No, haven't read the whole thread, but will back track after initial comments.
My question is, in a world where such time travel has become common and ordinary, what are the consequences? For example, everyone who'll be famous for any reason will be known from their birth right through their life, even before they achieve whatever it is (for a real life example, think of when Prince Charles or Prince William were born). Criminals would know that they will get away with it, millionaires won't bother working hard to get there (because their names will be in a list of millionaires) and the register of marriages will tell everyone the name of their future spouses.
This is exactly why you see time travel dealt with the way it typically is, meaning it's either restricted to few devices or there's laws against messing up the past.
But what are the consequences? That's easy: the universe wouldn't exist. Really. More after the jump.

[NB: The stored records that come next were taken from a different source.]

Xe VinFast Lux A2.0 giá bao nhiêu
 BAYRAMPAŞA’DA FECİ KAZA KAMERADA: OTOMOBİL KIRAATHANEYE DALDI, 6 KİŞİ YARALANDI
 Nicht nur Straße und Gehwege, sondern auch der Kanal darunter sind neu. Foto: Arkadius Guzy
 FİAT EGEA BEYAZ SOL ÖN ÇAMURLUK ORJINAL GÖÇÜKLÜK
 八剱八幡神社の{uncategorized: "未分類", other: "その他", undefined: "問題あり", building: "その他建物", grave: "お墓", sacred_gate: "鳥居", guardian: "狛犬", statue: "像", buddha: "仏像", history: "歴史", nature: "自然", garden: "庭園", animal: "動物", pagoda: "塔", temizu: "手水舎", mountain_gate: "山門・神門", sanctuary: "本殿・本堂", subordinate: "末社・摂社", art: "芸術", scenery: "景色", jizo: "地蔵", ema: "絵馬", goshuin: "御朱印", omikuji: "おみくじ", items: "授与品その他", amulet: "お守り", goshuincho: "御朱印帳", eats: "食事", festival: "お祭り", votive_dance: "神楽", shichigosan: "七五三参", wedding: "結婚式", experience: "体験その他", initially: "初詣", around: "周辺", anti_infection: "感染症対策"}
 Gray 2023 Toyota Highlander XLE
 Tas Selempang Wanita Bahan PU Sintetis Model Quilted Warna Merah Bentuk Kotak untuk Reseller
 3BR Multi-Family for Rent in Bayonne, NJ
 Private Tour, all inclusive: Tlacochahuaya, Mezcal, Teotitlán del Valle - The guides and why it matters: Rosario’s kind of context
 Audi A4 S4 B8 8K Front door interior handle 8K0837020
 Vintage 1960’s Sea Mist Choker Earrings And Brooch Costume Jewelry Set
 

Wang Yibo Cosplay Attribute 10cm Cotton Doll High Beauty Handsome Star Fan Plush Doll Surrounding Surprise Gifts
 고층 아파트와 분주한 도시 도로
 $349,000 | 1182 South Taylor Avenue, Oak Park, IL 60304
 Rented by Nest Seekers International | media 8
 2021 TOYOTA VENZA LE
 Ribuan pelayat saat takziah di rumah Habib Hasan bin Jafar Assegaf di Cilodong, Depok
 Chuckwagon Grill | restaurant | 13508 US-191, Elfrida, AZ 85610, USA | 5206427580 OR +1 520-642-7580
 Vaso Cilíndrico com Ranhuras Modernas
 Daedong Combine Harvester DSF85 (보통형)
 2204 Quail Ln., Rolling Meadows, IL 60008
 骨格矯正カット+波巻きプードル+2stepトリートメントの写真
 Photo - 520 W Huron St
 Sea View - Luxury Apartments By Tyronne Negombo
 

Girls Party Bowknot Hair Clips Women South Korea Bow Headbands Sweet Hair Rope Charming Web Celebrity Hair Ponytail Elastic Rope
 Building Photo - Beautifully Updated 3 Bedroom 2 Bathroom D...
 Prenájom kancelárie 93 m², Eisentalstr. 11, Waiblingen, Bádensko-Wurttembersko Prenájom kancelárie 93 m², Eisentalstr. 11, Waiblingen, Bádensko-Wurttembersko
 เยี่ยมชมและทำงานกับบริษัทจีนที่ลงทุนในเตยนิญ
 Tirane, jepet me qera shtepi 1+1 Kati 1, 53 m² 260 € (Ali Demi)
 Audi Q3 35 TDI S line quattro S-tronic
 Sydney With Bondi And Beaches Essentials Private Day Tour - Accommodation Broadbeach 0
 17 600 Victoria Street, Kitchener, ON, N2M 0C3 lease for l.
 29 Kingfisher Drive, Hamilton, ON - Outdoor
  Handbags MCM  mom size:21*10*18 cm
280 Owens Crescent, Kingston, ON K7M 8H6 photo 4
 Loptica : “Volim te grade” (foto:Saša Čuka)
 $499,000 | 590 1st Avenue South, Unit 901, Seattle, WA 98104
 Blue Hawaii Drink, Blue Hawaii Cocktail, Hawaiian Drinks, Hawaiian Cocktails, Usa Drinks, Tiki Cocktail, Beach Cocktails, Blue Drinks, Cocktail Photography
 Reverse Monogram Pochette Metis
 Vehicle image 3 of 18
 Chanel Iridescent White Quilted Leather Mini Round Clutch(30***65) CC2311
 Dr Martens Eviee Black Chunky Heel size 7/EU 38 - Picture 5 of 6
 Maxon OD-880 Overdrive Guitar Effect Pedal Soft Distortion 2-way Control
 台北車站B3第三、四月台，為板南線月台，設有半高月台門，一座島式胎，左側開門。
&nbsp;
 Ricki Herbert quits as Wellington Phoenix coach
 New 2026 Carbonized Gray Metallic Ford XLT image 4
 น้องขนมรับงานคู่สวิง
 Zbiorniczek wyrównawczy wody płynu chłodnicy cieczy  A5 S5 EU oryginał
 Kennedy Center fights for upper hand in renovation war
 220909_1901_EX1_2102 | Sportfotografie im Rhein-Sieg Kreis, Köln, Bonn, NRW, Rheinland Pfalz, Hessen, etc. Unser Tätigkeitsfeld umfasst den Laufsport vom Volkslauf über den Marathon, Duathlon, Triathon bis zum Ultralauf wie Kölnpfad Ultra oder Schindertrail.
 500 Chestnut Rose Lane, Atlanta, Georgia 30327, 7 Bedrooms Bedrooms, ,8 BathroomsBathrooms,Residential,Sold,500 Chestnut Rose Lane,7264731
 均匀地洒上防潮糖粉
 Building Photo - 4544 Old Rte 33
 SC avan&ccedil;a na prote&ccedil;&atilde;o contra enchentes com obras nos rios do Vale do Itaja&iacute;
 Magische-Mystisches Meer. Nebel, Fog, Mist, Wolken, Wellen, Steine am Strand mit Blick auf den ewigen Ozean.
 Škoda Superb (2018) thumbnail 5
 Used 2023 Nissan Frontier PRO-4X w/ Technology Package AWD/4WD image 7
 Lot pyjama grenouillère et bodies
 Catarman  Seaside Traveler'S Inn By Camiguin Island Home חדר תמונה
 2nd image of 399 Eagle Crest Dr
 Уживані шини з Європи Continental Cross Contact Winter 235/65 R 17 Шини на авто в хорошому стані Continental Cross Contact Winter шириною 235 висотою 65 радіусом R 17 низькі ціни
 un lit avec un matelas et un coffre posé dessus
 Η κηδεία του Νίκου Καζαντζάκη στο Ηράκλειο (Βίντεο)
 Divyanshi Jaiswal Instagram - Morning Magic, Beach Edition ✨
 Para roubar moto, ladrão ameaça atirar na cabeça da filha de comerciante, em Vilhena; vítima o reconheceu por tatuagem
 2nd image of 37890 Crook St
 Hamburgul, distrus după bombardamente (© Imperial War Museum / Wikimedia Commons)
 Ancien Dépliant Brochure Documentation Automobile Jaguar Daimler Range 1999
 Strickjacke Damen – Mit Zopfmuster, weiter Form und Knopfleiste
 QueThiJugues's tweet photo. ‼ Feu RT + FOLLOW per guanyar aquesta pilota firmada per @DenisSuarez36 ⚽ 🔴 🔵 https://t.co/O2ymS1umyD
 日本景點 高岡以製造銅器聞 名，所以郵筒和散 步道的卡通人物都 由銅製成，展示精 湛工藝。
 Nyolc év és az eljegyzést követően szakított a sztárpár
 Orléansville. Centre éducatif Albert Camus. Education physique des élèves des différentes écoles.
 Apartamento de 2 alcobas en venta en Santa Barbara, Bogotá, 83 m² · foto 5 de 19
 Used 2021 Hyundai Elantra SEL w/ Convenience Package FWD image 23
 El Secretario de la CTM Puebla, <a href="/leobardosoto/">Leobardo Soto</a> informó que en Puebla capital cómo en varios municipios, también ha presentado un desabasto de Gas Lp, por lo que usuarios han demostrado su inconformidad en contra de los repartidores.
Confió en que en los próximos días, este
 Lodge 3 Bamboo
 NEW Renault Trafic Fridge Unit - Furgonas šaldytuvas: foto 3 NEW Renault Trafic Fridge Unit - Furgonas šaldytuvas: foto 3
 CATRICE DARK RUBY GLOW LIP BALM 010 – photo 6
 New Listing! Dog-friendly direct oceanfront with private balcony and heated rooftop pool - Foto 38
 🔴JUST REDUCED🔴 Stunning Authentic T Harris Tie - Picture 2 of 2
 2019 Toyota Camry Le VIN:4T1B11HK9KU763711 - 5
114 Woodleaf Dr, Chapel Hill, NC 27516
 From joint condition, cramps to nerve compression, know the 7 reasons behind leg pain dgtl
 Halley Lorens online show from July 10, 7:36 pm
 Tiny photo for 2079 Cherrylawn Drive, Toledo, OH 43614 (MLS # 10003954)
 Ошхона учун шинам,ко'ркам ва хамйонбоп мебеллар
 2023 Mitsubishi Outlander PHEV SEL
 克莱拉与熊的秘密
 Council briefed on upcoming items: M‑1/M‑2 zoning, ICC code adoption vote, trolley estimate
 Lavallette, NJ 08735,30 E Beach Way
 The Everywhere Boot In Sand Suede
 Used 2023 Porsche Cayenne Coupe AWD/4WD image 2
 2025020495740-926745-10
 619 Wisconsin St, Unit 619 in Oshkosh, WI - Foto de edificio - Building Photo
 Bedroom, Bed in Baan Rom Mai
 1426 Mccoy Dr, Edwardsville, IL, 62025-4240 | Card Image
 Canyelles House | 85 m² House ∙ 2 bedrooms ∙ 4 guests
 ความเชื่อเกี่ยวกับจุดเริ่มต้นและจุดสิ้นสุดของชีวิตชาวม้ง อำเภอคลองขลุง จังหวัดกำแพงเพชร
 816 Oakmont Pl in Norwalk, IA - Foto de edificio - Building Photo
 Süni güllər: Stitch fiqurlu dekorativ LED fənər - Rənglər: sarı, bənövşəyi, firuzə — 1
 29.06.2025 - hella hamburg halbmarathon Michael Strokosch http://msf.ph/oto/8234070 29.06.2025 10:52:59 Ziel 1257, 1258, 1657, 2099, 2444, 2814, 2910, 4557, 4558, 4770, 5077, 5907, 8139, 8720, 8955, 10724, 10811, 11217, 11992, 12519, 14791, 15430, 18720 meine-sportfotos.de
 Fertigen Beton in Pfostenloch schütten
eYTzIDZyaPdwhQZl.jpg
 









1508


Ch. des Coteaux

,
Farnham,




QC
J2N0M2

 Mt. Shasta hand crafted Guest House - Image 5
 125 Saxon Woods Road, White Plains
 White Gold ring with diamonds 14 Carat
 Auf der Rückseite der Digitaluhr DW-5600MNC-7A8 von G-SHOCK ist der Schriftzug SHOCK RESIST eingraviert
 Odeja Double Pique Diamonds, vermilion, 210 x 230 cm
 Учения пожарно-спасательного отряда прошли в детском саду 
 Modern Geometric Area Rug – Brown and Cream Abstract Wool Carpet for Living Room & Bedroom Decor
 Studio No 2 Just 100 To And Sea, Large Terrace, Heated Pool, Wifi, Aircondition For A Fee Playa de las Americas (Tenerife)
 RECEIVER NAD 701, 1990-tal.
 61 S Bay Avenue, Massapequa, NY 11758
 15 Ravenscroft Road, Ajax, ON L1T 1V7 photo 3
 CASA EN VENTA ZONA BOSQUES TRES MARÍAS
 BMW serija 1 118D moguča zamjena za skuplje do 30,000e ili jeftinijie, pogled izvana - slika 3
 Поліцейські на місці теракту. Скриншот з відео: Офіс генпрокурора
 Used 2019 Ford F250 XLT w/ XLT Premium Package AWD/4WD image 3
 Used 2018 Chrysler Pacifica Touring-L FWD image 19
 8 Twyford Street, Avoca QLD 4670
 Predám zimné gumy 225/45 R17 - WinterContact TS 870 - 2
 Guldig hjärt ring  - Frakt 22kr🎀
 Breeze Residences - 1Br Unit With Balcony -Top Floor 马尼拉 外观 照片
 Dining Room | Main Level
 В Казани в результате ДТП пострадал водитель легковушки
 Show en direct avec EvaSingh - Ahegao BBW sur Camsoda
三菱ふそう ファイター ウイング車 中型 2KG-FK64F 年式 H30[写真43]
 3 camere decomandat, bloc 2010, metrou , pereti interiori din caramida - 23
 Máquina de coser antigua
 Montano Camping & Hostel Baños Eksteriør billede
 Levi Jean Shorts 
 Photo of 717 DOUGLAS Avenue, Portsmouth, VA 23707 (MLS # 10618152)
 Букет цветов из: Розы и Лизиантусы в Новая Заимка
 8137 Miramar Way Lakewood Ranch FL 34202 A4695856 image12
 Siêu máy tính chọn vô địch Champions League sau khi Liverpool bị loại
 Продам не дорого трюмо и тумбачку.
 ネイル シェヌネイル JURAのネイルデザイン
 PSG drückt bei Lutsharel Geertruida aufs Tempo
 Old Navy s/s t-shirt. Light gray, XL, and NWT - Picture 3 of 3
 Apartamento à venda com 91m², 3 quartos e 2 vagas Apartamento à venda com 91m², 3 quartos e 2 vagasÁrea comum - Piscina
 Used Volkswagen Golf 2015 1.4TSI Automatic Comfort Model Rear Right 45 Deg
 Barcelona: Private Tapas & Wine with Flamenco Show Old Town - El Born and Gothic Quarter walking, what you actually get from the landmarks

What else? What would happen to religions, in a world where the future history books tell you which religions are going to die out and which will become huge? If an asteroid causes worldwide destruction in the year N, won't everyone time travel away from that year to a future time when the effects of the destruction have faded? What else?
No, they'd time travel to prevent the asteroid hit. Because it would be easier. And humans are nothing if not lazy.
Over the course of all the galaxies, all the universes, all the dimensions proposed by real physicists, and the vast amount of time between the big bang and the possible heat death of the universe, anything that can or could happen, will. Somewhere, somehow, anything that is physically possible is not only possible, it passes probable, and becomes essentially mandatory. From weight of sheer numbers.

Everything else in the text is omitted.